== Segment start ==

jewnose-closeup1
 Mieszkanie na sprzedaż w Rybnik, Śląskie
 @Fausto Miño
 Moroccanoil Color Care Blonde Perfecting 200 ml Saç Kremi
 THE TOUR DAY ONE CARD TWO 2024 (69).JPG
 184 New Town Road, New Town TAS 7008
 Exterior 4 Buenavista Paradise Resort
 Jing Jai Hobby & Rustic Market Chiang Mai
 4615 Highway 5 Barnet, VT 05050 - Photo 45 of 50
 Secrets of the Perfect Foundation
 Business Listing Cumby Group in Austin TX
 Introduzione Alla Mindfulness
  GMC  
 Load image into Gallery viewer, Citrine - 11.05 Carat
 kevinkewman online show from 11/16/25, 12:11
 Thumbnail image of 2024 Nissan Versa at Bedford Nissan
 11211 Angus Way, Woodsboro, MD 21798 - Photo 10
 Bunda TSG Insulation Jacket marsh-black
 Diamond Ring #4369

== Segment end ==

▸ **What the task asks**
Exactly as shown above, write out all the records.

▸ **Response to this task**
jewnose-closeup1
 Mieszkanie na sprzedaż w Rybnik, Śląskie
 @Fausto Miño
 Moroccanoil Color Care Blonde Perfecting 200 ml Saç Kremi
 THE TOUR DAY ONE CARD TWO 2024 (69).JPG
 184 New Town Road, New Town TAS 7008
 Exterior 4 Buenavista Paradise Resort
 Jing Jai Hobby & Rustic Market Chiang Mai
 4615 Highway 5 Barnet, VT 05050 - Photo 45 of 50
 Secrets of the Perfect Foundation
 Business Listing Cumby Group in Austin TX
 Introduzione Alla Mindfulness
  GMC  
 Load image into Gallery viewer, Citrine - 11.05 Carat
 kevinkewman online show from 11/16/25, 12:11
 Thumbnail image of 2024 Nissan Versa at Bedford Nissan
 11211 Angus Way, Woodsboro, MD 21798 - Photo 10
 Bunda TSG Insulation Jacket marsh-black
 Diamond Ring #4369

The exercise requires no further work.